その後何年も心に深く刻み込まれるほどの 物語。
その出会いは
数十年を経た今でも 忘れられない 鮮やかな記憶。 
神秘な時間だった。

現代の日本画  中島千波・畠中光享


http://www.manyo.jp/gakugei/H23-nakajima,hatanaka.htm
畠中先生は学生時代の恩師。日本画家であり、インド美術の研究家でもある。
昨年京都の大谷大でインド美術のコレクション展を開催されていたときに 先生に十数年ぶりにお会いできた。
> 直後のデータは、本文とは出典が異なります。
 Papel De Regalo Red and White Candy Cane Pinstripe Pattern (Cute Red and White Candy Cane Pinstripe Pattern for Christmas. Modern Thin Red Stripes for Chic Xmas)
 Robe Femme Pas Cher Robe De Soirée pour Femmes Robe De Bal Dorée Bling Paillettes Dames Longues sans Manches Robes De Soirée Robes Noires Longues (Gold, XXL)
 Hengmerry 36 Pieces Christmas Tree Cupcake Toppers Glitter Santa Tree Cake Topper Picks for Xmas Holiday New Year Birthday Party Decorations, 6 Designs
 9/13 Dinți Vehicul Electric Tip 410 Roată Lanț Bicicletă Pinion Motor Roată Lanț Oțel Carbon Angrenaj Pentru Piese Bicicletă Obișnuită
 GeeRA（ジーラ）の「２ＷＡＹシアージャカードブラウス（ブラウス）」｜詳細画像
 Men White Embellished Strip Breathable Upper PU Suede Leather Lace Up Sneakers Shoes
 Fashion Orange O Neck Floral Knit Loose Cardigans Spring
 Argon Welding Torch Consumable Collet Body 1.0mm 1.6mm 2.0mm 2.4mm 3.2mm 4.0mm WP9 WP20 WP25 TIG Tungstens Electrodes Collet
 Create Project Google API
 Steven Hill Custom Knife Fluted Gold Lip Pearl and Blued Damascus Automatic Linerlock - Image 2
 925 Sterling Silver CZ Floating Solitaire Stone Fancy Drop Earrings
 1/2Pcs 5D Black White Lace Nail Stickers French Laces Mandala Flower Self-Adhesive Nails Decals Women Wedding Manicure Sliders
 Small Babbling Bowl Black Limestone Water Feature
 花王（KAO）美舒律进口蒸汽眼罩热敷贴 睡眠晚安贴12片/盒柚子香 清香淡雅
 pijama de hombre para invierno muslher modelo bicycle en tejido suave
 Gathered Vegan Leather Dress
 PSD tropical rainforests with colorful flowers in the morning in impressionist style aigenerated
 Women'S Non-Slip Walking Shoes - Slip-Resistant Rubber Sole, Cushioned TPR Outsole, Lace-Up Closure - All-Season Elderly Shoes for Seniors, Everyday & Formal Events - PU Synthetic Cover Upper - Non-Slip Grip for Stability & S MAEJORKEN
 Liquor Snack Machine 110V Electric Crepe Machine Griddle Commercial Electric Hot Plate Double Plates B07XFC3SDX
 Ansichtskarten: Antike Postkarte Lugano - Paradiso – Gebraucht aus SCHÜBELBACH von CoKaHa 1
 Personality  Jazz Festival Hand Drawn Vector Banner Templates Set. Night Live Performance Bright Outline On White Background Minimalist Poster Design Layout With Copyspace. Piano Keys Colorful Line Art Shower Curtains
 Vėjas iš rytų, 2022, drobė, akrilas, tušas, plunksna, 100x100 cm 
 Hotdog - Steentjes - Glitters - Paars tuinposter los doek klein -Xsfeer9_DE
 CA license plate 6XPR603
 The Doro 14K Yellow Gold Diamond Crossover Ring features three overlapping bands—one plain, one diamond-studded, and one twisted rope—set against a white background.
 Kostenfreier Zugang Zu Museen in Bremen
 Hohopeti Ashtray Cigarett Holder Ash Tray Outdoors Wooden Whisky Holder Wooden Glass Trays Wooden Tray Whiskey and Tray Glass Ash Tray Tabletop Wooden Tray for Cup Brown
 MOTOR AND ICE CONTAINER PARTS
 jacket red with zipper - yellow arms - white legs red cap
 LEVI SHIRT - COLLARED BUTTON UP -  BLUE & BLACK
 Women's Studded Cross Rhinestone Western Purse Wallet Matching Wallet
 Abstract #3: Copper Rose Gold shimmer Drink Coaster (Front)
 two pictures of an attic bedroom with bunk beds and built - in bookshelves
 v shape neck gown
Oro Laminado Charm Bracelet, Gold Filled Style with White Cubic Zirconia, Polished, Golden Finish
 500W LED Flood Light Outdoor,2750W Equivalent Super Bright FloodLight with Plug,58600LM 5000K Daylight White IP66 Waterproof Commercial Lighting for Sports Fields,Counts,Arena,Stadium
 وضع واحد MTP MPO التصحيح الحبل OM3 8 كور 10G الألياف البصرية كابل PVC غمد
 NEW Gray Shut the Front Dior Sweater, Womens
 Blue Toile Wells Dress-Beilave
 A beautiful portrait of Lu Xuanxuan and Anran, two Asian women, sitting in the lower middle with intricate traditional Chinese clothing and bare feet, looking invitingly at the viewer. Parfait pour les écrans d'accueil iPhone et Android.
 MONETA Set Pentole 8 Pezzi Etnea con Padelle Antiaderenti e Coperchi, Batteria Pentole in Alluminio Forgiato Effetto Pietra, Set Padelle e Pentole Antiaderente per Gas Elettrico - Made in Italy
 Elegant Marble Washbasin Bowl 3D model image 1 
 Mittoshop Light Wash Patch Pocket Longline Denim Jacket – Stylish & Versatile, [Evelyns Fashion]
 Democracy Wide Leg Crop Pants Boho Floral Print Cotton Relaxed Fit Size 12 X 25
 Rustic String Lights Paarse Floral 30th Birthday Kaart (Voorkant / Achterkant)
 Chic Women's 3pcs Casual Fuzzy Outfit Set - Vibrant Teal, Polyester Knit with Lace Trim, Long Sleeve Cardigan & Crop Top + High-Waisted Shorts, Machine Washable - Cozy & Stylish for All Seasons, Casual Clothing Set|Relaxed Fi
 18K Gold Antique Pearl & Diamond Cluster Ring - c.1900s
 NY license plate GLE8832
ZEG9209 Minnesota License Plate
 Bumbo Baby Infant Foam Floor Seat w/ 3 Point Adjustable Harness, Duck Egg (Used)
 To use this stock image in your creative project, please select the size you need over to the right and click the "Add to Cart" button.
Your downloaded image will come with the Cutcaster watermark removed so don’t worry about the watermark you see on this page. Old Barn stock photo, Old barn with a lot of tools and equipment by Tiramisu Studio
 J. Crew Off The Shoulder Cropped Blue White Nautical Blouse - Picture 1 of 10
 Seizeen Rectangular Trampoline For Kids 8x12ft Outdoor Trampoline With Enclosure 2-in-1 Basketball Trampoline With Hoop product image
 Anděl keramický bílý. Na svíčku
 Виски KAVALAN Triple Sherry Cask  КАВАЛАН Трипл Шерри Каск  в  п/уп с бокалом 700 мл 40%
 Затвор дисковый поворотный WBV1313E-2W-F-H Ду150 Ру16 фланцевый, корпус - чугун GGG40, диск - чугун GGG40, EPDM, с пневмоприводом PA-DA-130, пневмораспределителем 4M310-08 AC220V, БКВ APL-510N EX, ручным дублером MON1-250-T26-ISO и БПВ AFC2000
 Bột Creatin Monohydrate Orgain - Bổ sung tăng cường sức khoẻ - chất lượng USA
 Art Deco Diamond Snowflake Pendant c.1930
今回は先生の講演会があり ちょうどその日に行ける事になったので 同級生として日本画を学び
現在は画家として活躍している友人と行ってきました。

奈良の万葉文化館は飛鳥寺の近くののどかな風景の中にある立派な建物。

その広い館内に ゆったりと作品が展示されていました。
会場には畠中先生もおられたので少しお話することができた。
北海道から九州まで先生のファンの人が今日の講演会を聴きにきているそう。
会場でもたくさんの人から声かけられて囲まれておられました。

先生の作品は今まで1点ずつは観たことあるものがいくつかあったが
近年の大作が一同に集められていて見ごたえがあった。
中島千波氏の作品は 院展時代に多分目にしたことはあったと思う。
日本画らしい花の作品と そこから発展形の作品。
今回人物がモチーフのデザイン的な作品が 面白かった。

二人の日本画の作品以外に 先生のコレクションである絵画も展示されていた。
イタリアルネッサンス時代の小品。インドの細密画など。
その作品は さすが 先生のコレクション。どれも魅力的だった。

講演会は会場がほぼ一杯。私は昔学生の頃先生のインド美術の講義をとっていたが
それを聴いていた頃が 懐かしく思い出された。内容は面白かったが
でも居眠りしていて名指しで怒られたこともあったな。。(かなりアクの強い先生でした)

講演会のしょっぱな 「ここは文化館 という名前であるが 私は文化 という言葉に
いいイメージがない。ものすごくうすっぺらで価値のないもの。。文化住宅 文化なべ。。」
先生らしい。。
 私が習っていた頃からもう20年以上経っているけど、お変わりない。

学生時代を共に過ごしてきた友人とこの展覧会を観にいけてよかった。
しっかりと画家の道を歩む友人に 現代の日本画のいろいろな話もきかせてもらい
また 懐かしい思い出話しもしつつ。
私もこれから 私なりに頑張っていこうと思いました。